Evangelical ideas had come to that part of Spain largely through the efforts of Carlos de Seso, mayor of Toro. Such ideas were dangerous to hold because in 1554 Pope Paul IV had granted the Inquisition power to execute even those who had recanted their “Lutheran” beliefs. (Those who held Protestant beliefs were all called “Lutherans” in Spain, without distinction between different shades of non-Catholic belief.)
Held in isolation, twenty-three-year-old Leonor was told that her husband and the other captives had recanted. In fact he had not—as she soon learned. She was threatened with the rack and the stake if she held onto her “heretical” views.
On 8 October that year, all the “heretics” were led to the auto da fe. Twelve who made a last minute repentance would still be burned but with the merciful provision that they would be strangled first. Not Antonio. He had stood so firm that he was to burn alive.
Leonor and he met on the way to the stake. She saw that he wore the garb of one who was to burn. He saw that she was dressed in the garb of a penitent. Furious that she had reneged, he kicked her and demanded to know if her renunciation was all the value she placed on the Christian teaching he had given her. Aghast, Leonor did not reply.
As the procession passed through the streets, Antonio sang psalms and recited passages from the Bible. His captors could not endure this witness and clamped his tongue to prevent him expressing his faith. Paulo Tiepolo, Venetian ambassador to King Philip II of Spain, witnessed the burning and wrote,
The baccalaureate Herezuello de Torro, condemned to confiscate his property and burn. He was burned alive, insisting on his heresy, gagged all the time, never acknowledging the Holy Church of Rome.

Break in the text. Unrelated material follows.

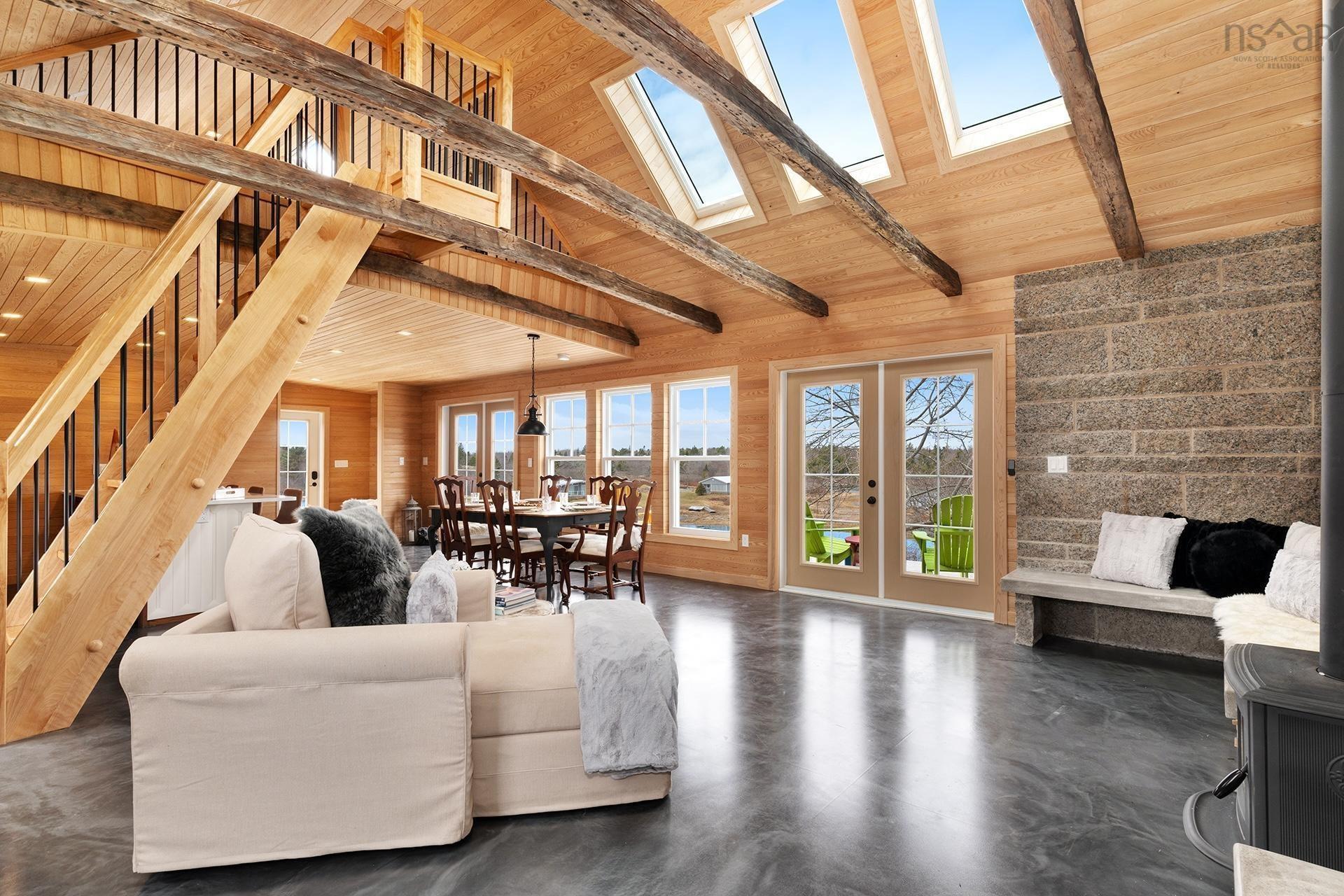 $988,800.00: 317 Stonehurst Road, Stonehurst North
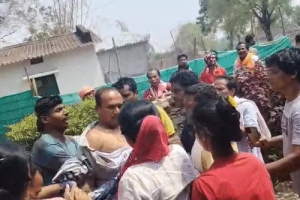 बस्तर में तनाव: धर्मांतरण के आरोप में पास्टर की पिटाई, वीडियो वायरल, गांव छोड़ने का अल्टीमेटम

The words of her husband and his brave death steeled Leonor’s mind. When she returned to her cell, she fell to her knees and implored God to forgive what she had done. She had been sentenced to imprisonment in a Benedictine monastery to be re-educated in the Catholic faith. However, she now resisted, declaring herself a Lutheran; and despite several long years of brainwashing and torture she never buckled. Finally after nine years her captors realized she was not going to yield to their demands and they condemned her to die as a heretic.
A local historian accused her of inviting death on herself, observing, “Nothing could shake the obstinacy of this stubborn woman!” On this day, 26 September 1568, thirty-three-year-old Leonor de Cisneros walked to the stake in Valladolid. There she was burned alive, suffering as courageously for her faith as had her husband.